23 May 2012

Late payment funds excess working capital

British companies are delaying paying their suppliers by up to a week to help fund their working capital, according to new research from Deloitte

Yet the survey alse revealed that companies are sitting on £64bn of excess working capital, enough, if released, to help fund business growth or overcome temporary market downturns.

The trend towards late payment reflects the findings of Deloitte’s Q1 2012 survey of chief financial officers, which revealed that their key priorities were increasing cash flow and reducing costs.

The majority said that they aimed to run higher cash balances than before the financial crisis. As a result, excess working capital has risen from £59bn in 2009 to £61bn in 2010 to £64bn today.

“As the UK economy has technically entered a recession, cash and its effective use will continue to remain high on the corporate agenda,” said Andrew Harris, partner in Deloitte’s advisory development group.

“To put the £64bn figure into context, this is more than enough to pay the UK government’s debt interest payments for the next 18 months.
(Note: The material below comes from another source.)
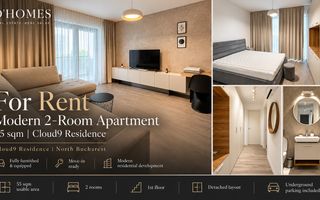 For Rent | Modern 2-Room Apartment | 55 sqm | Cloud9 Residence - Poză 1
The paradox is that, with the appropriate focus, working capital can be one of the cheapest and most accessible forms of funding available to a business.”

He added that companies could release a significant amount of working capital without adversely impacting the underlying business.

The report suggests that extending the length of time companies take to pay suppliers does not make good business sense. Although delaying payments is an easy, short-term action to improve the company’s capital situation, it may create future problems with supplier relations, costs and viability.

It also runs contrary to actions in businesses in other countries where the focus has been on improvement of sustainable receivables.